2 Comments | Posted in Diary by Nathan

Pile stuff on the drunk bloke

October 21st, 2007

I had a tiny glimpse of what it would be like to be a parent last night. A few of us went to see some of the kids from the Sangkheum Centre perform traditional Khmer Apsara dancing at a groovy hotel in town. The kids look amazing, with immaculate costumes and make-up, and they’re so well practiced, the dancing is really slick. One by one, as the kids who are in my classes saw me, they flashed me huge smiles and even snuck in a cheeky wave.

I want to be a dad.

SleepyheadSo the rugby didn’t go England’s way last night, but the night was superb. Apart from the three very deeply confused lads who kept shouting ‘Scotland!’, everyone was in great form. We finished the night in X Bar (a very cool rooftop bar with big wicker chairs and fairy lights) until gone six this morning, when we de-camped to a Vietnamese restaurant for a noisy breakfast. Only one person fell asleep, so naturally he had things piled on top of him and photos taken. It wasn’t me, hasn’t been for a while now, but I’ve been there and got the T-shirt.

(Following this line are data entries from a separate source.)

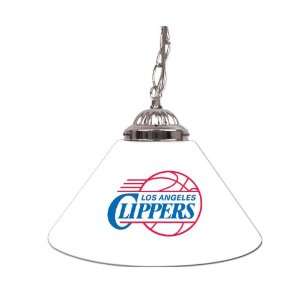  Los Angeles Clippers NBA Single Shade Bar Lamp   14 inch 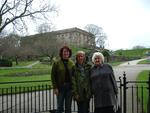 Me, my second cousin Beverly and Great Aunt Joyce in front of Knottingham Castle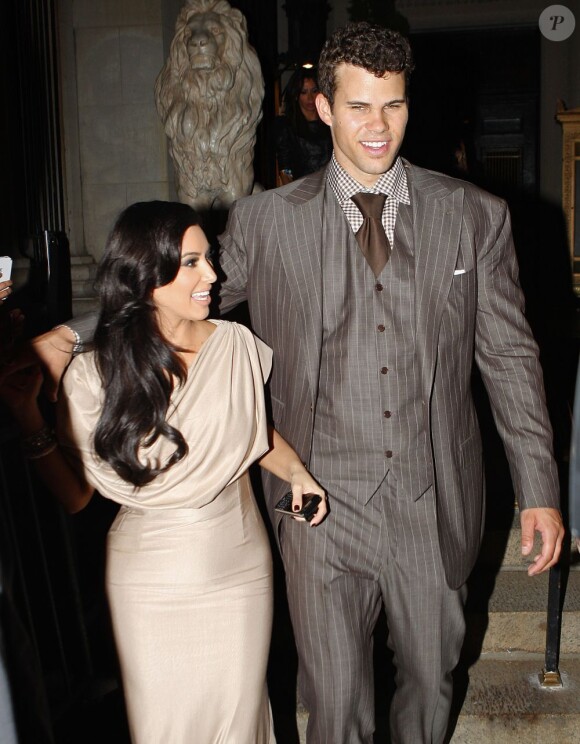 Kim Kardashian et son mari Kris Humphries arrivent au Southtern Hospitality, à New York le 31 août 2011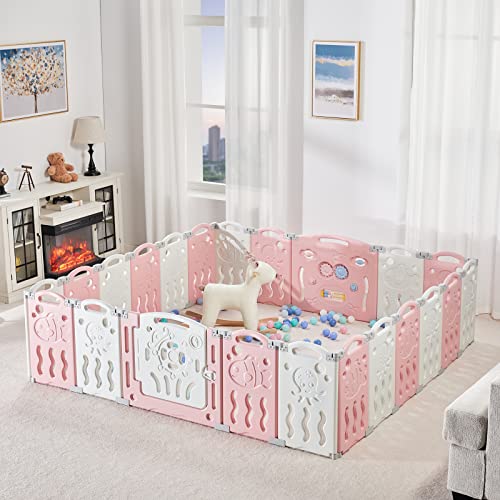 Albott Play Playpen Panels Foldable
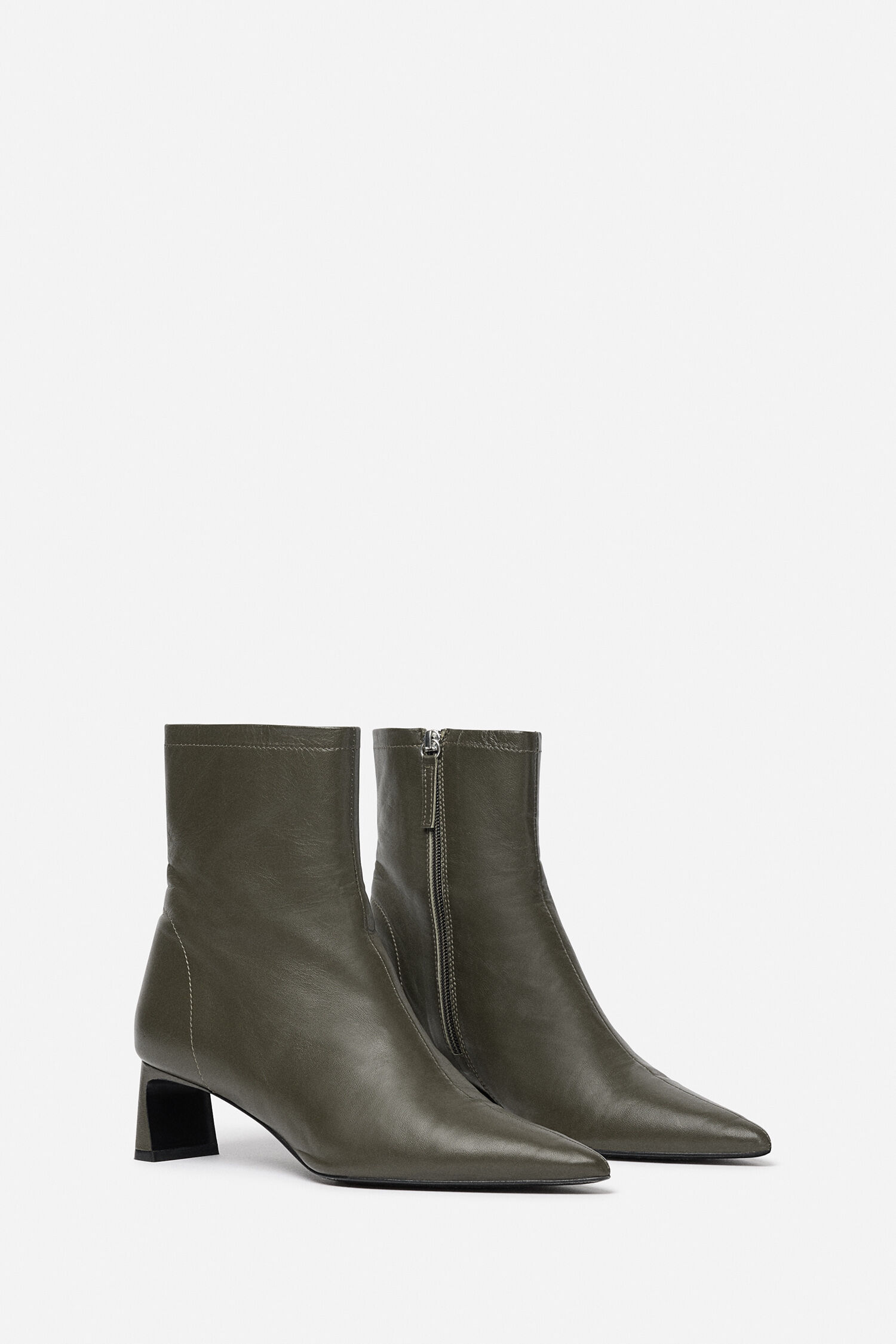 Kitten Heel Ankle Bootie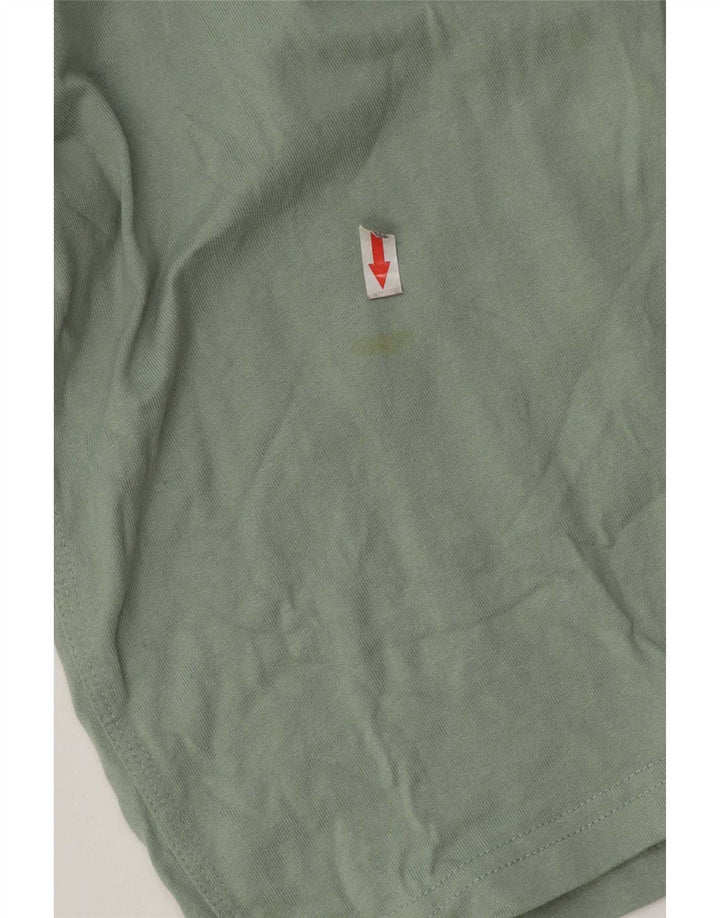 Carhartt Mens Top Manga Longa XL Verde Algodão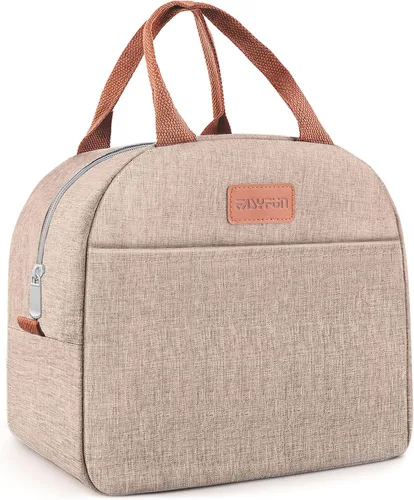 Miniatura 19 de Bolsa de almuerzo para mujeres y hombres, lonchera aislada para adultos, pequeña lonchera hermética enfriadora, contenedores de comida para almuerzo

4 Comments | Posted in Diary by Nathan

Lumpy bumpy rugger bugger

October 20th, 2007

So it’s the Rugby World Cup final tonight, everyone’s bound to end up shouting ‘come on Jonny’, and when it’s kick-off in Paris, it’s 2am in Cambodia. Good job a bunch of us are out in numbers tonight for a birthday, and a place in town will have the rugby on the big screen. It’s going to be a late night.

I’m covered in rashes again. I swear, my arm reads like a braille page (which says ‘hit me if you catch me scratching’). I’m going to have to brave the local doctors, and hope they don’t do what they usually do which is sell you three different kind of pills that have no effect on your condition but might well tranquilise you, kill any stomach fauna you have, or give you a massive erection for three days. They just like selling pills from what I understand.

Test time

I gave my young adults a test yesterday, to round up a unit of English work we just completed, and to form the basis of their first assessments. Before the test I handed out bananas, as sometimes they’re a bit sluggish in the afternoons and I thought the sugar would help. 45 minutes of silence, with only a few interruptions to ask about vocabulary. Bliss. So, I’m marking test papers this weekend. I feel almost like a proper teacher.

Come on Jonny.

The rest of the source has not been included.